The Easy Way to Turn Your Nook Color Into an Android Tablet

Nook Color running Android
I'm a big believe in simplicity. (The column isn't called Hassle-Full PC, after all.) So when given the option between something simple and something complex, you can bet I'll choose the former every time--even if it means spending a few bucks.

For example, not long ago I bought the Barnes & Noble Nook Color, a 7-inch e-reader that beat the upcoming Amazon Kindle Fire to market by a full year. Although it was pretty slick right out of the box, I wanted to test its acumen as a full-blown Anroid tablet.

This is possible thanks to a process called "rooting," which effectively means breaking into the operating system so you can mess around with it--or replace it. I did some research, and although rooting didn't seem that complicated, I did find it a little intimidating. The last thing I wanted to do was "brick" my Nook, to render it non-functional owing to some glitch or screw-up.

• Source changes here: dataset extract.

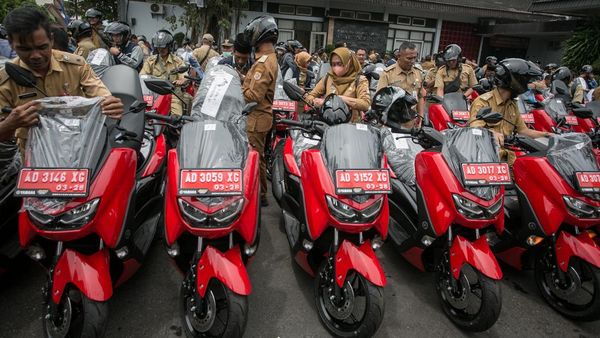 Gelontorkan Dana Rp 9,4 Miliar, Lurah-Kades di Wonogiri Dapat Motor Baru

Thankfully, I found an easy alternative. A couple enterprising developers have created special microSD cards especially for the Nook Color, cards that would allow you to dual-boot the Nook OS and a specialized version of Android. In other words, you just pop one of these cards into the Nook's microSD slot, and presto: instant Android.

The real beauty of this is that it's a semi-permanent solution. If you don't want the Android environment any longer, just turn off the Nook, pop out the card, and reboot. Presto: You're back to the Nook OS. (Actually, you don't even have to take the card out, as you can choose the OS you want from a boot menu.) That means you're not voiding your warranty, unlike when you root the Nook.

I've tested a couple of these Nook Color cards, and they're both fantastic. The first, N2A, supplies CyanogenMod, a very popular Android ROM stocked with lots of great apps, including Amazon Kindle (so you're not locked into reading Barnes & Noble e-books), Angry Birds, and Words with Friends. Of course, you can always fire up Android Market and install more.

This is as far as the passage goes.